What you have to do :: Although pictures appear in the data, the answer should contain only the lines from its start through the line with "new 2025 Jeep", written out exactly.

Available data ::
******************************
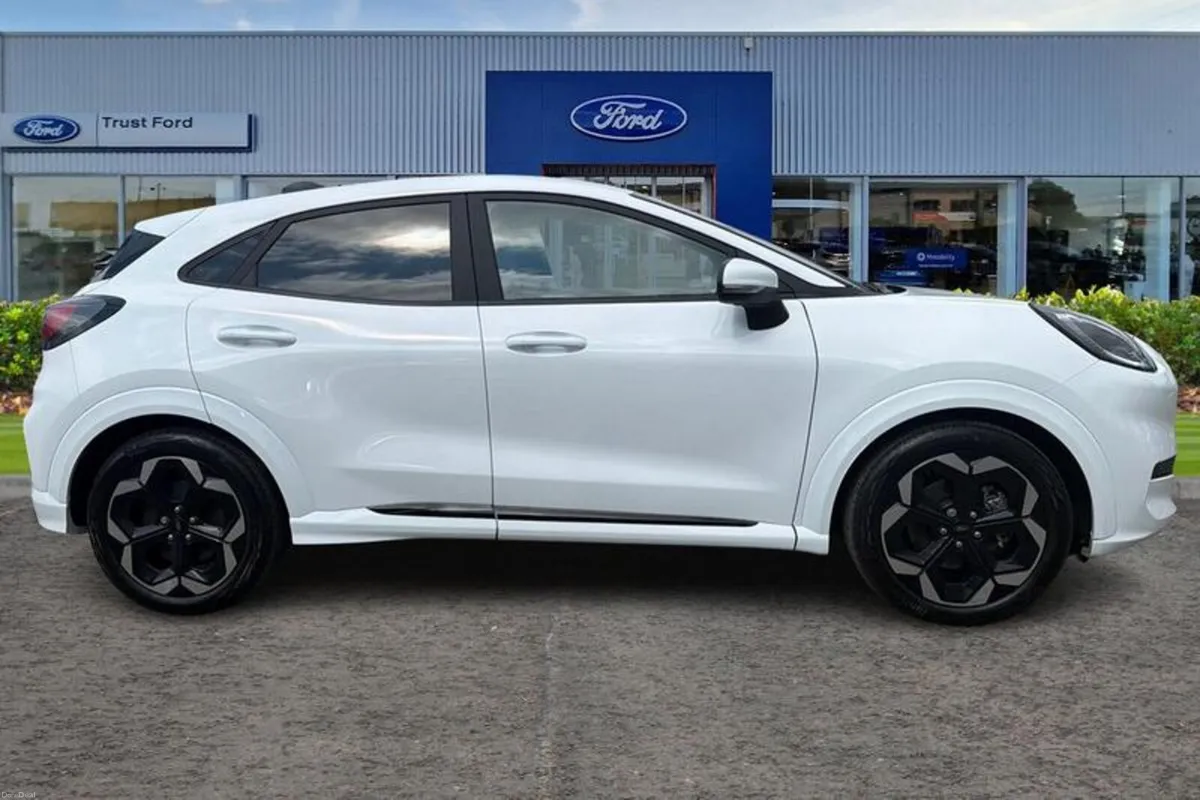 Ford Other Standard Range 43kWh Premium SUV 5dr El - Image 3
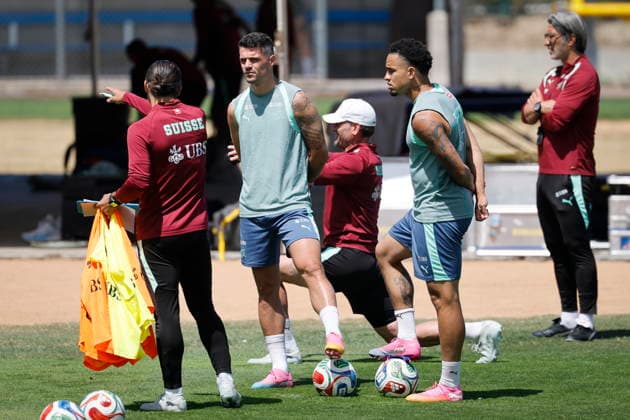 FIFA World Cup, WM, Weltmeisterschaft, Fussball 2026 - Switzerland training session Switzerland s assistant coach Davide Calla, left, talks to Granit Xhaka, center, and Noah Okafor, front right, next to Switzerland s head coach Murat Yakin, back right and goalkeeper coach Patrick Foletti, center back, during a training session of the Swiss national soccer team at the SDJA in San Diego, California, USA, 28 June 2026. San Diego United States  Copyright: xPETERxKLAUNZERx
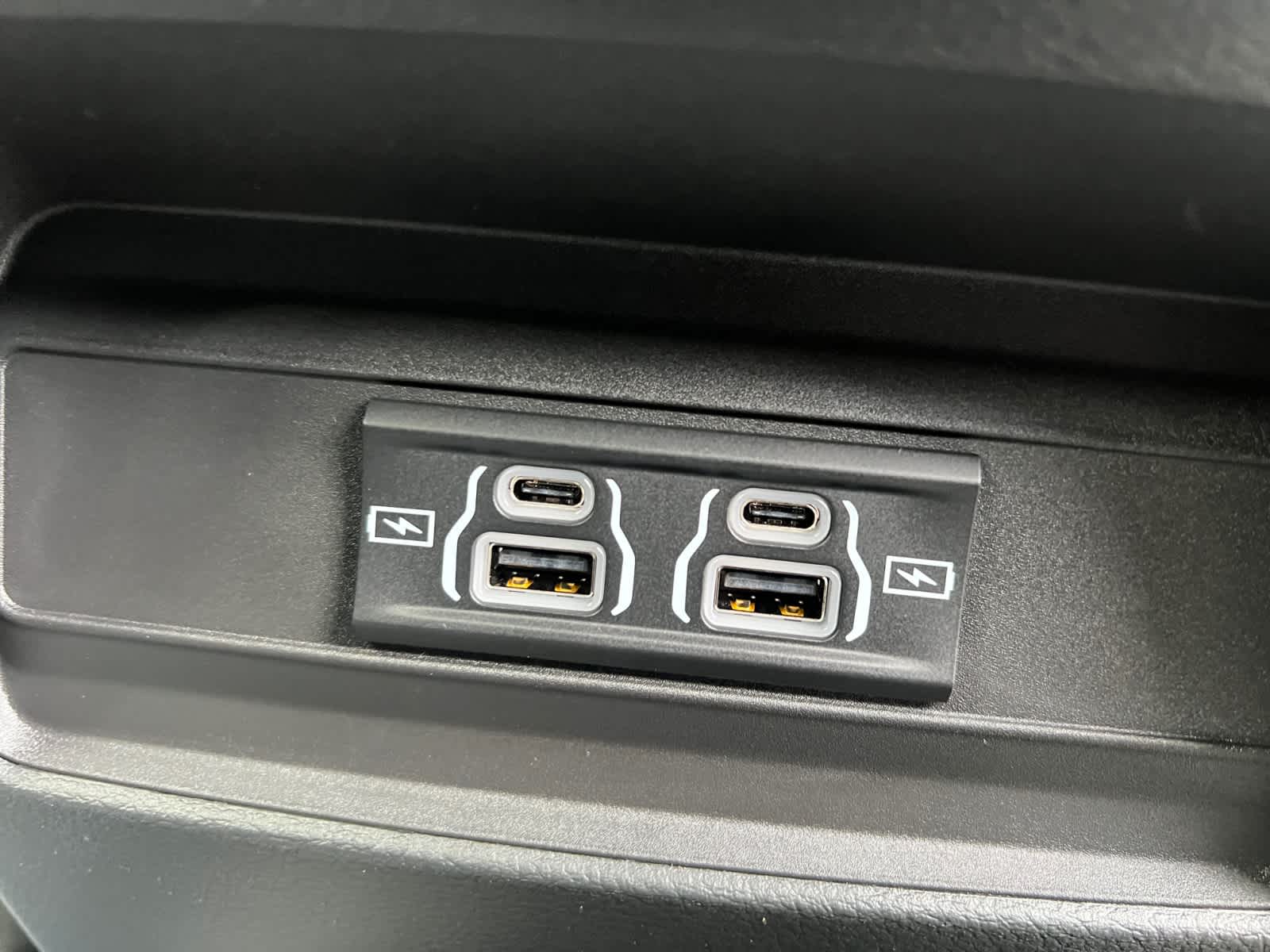 new 2025 Jeep Grand Cherokee car, priced at $38,275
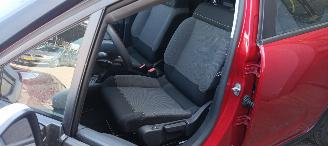Citroën C3 1.2-benzine Led-Koplampen Led-dagrijverlichting Airconditioning Stoelverwarming cruisecontrol Dab Radio elektrische buitenspiegels met verwarming Elektrische ramen centrale vergrendeling met afstandsbediening Start-Stop systeem Drivelane assistent mistlam picture 12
******************************
Task solution ::
 Ford Other Standard Range 43kWh Premium SUV 5dr El - Image 3
 FIFA World Cup, WM, Weltmeisterschaft, Fussball 2026 - Switzerland training session Switzerland s assistant coach Davide Calla, left, talks to Granit Xhaka, center, and Noah Okafor, front right, next to Switzerland s head coach Murat Yakin, back right and goalkeeper coach Patrick Foletti, center back, during a training session of the Swiss national soccer team at the SDJA in San Diego, California, USA, 28 June 2026. San Diego United States  Copyright: xPETERxKLAUNZERx
 new 2025 Jeep Grand Cherokee car, priced at $38,275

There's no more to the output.